R stringr - str_trim()/str_pad()

Whitespace problems are everywhere in real-world data. CSV exports with trailing spaces that break joins. User input with invisible characters that cause silent matching failures. IDs that need...

Key Insights

  • str_trim() removes unwanted whitespace from string ends while str_pad() adds controlled padding—together they give you complete control over string boundaries in your data cleaning pipelines.
  • The side parameter in both functions accepts “left”, “right”, or “both”, providing precise control over which end of strings you’re modifying.
  • str_squish() complements str_trim() by collapsing internal whitespace runs into single spaces, making it essential for cleaning messy text data with irregular spacing.
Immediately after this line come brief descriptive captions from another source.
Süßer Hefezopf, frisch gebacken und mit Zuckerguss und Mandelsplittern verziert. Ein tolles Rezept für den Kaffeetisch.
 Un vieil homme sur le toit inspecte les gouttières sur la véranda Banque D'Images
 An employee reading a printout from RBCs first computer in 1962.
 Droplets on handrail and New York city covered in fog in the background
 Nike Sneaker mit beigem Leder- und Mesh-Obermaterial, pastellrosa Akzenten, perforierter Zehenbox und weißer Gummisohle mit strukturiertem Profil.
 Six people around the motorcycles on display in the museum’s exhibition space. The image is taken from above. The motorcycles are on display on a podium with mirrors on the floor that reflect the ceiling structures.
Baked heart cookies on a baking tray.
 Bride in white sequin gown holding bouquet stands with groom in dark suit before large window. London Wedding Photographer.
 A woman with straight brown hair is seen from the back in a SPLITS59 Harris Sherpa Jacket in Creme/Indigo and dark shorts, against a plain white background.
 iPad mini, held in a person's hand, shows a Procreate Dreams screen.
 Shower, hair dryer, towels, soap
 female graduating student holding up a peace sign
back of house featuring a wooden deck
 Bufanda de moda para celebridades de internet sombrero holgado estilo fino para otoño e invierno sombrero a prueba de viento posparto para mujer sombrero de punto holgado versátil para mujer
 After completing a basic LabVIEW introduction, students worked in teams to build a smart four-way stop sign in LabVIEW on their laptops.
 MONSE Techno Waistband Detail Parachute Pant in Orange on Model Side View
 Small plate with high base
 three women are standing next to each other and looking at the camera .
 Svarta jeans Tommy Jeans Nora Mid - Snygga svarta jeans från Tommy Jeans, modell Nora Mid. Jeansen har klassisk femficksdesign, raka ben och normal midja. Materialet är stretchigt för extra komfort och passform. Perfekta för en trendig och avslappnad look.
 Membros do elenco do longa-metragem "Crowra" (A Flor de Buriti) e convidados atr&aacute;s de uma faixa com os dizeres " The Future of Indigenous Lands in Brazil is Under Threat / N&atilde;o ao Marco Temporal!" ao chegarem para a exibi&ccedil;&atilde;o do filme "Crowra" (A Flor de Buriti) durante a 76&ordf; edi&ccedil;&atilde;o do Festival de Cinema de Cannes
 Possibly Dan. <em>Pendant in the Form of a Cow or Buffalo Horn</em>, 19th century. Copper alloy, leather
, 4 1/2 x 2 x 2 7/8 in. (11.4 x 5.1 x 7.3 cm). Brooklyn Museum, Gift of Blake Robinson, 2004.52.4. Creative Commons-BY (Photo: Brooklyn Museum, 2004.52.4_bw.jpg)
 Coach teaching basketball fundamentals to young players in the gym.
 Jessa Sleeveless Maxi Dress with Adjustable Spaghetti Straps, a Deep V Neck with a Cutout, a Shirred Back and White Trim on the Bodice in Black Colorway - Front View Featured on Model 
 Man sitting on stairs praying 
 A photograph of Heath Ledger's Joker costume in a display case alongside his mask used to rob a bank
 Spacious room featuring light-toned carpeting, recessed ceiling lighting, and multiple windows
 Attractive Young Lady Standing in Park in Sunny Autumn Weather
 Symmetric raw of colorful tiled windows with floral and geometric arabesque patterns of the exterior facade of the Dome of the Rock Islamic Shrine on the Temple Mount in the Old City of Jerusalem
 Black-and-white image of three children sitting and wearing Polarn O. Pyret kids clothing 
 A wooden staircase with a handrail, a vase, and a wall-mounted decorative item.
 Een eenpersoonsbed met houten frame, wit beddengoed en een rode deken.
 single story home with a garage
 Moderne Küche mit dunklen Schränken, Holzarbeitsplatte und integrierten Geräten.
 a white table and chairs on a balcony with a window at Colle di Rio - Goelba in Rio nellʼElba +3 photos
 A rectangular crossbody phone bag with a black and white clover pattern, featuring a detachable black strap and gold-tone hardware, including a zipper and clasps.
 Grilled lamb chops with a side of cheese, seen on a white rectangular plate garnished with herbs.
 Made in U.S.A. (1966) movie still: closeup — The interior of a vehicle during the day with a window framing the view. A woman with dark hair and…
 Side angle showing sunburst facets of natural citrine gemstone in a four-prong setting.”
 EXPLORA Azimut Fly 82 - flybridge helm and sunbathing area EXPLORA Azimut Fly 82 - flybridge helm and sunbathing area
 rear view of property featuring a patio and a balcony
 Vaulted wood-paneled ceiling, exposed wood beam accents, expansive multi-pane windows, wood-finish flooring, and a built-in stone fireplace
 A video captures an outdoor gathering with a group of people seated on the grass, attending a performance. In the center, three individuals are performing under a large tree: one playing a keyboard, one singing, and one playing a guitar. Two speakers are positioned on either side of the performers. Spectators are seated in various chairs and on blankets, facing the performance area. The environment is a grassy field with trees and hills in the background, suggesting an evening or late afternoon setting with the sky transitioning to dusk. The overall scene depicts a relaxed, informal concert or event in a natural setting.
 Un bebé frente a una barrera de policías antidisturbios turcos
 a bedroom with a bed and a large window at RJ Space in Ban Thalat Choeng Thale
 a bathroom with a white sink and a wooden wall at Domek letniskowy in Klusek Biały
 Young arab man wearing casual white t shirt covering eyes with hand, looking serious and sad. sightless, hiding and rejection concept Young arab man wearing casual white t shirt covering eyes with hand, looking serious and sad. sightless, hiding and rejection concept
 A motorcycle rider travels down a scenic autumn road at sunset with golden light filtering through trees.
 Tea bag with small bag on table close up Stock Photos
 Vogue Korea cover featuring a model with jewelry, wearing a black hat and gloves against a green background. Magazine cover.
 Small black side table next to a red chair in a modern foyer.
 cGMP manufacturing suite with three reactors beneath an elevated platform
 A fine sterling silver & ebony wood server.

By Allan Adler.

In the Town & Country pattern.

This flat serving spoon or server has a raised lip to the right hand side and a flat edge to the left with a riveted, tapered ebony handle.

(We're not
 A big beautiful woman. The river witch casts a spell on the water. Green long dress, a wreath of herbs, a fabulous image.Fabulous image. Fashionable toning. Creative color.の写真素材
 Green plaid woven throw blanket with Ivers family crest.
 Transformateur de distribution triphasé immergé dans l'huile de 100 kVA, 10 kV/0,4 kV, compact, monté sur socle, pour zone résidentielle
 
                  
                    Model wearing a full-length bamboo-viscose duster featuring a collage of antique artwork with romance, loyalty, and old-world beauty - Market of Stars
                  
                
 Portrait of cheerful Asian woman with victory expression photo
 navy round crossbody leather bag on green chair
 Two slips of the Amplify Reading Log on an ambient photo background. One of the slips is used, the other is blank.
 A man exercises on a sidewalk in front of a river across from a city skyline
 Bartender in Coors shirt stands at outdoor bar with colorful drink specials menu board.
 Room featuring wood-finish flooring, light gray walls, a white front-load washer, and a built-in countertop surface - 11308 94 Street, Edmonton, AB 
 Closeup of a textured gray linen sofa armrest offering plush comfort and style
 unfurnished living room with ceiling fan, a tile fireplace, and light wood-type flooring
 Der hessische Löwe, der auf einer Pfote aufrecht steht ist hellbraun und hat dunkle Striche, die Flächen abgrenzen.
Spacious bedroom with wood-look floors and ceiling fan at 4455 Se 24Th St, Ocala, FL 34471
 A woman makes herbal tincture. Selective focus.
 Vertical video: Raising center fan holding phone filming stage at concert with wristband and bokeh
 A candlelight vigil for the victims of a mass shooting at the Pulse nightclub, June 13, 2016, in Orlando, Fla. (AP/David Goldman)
Introduction to String Whitespace Management

Whitespace problems are everywhere in real-world data. CSV exports with trailing spaces that break joins. User input with invisible characters that cause silent matching failures. IDs that need consistent formatting for downstream systems. If you’ve spent any time cleaning data, you’ve fought these battles.

The stringr package, part of the tidyverse ecosystem, provides a consistent, readable interface for string manipulation in R. Unlike base R’s scattered string functions with inconsistent naming and argument patterns, stringr functions all start with str_ and follow predictable conventions. This article focuses on two complementary functions: str_trim() for removing whitespace and str_pad() for adding it in a controlled way.

library(stringr)
library(dplyr)

str_trim(): Removing Unwanted Whitespace

The str_trim() function strips whitespace from the beginning and end of strings. Its signature is straightforward:

str_trim(string, side = c("both", "left", "right"))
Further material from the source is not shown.